Tarantool development patches archive
 help / color / mirror / Atom feed
From: Sergey Kaplun via Tarantool-patches <tarantool-patches@dev.tarantool.org>
To: Maxim Kokryashkin <m.kokryashkin@tarantool.org>,
	Igor Munkin <imun@tarantool.org>
Cc: tarantool-patches@dev.tarantool.org
Subject: [Tarantool-patches] [PATCH luajit 2/2] gdb: introduce lj-bc, lj-func and lj-proto dumpers
Date: Thu,  9 Jun 2022 13:11:14 +0300	[thread overview]
Message-ID: <6ef8aa43d1a571fef477550885e24faf1e4b962b.1654767443.git.skaplun@tarantool.org> (raw)
In-Reply-To: <cover.1654767443.git.skaplun@tarantool.org>

This patch adds dumpers as for single bytecode instruction (`lj-bc`), as
for all bytecodes inside one function (`lj-func`) or prototype
(`lj-proto`).
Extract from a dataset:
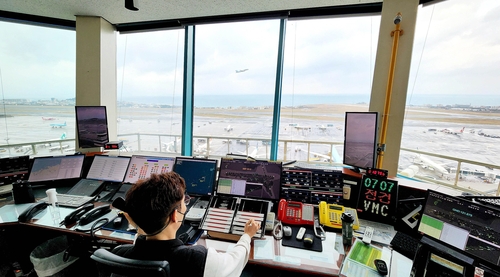 날아오르는 항공기와 제주공항 관제탑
Its dump is quite similar with -bl flag, but also reports
types of registers operands (`jmp`, `dst`, `str`, etc.).
---
 src/luajit-gdb.py | 324 +++++++++++++++++++++++++++++++++++++++++++++-
 1 file changed, 323 insertions(+), 1 deletion(-)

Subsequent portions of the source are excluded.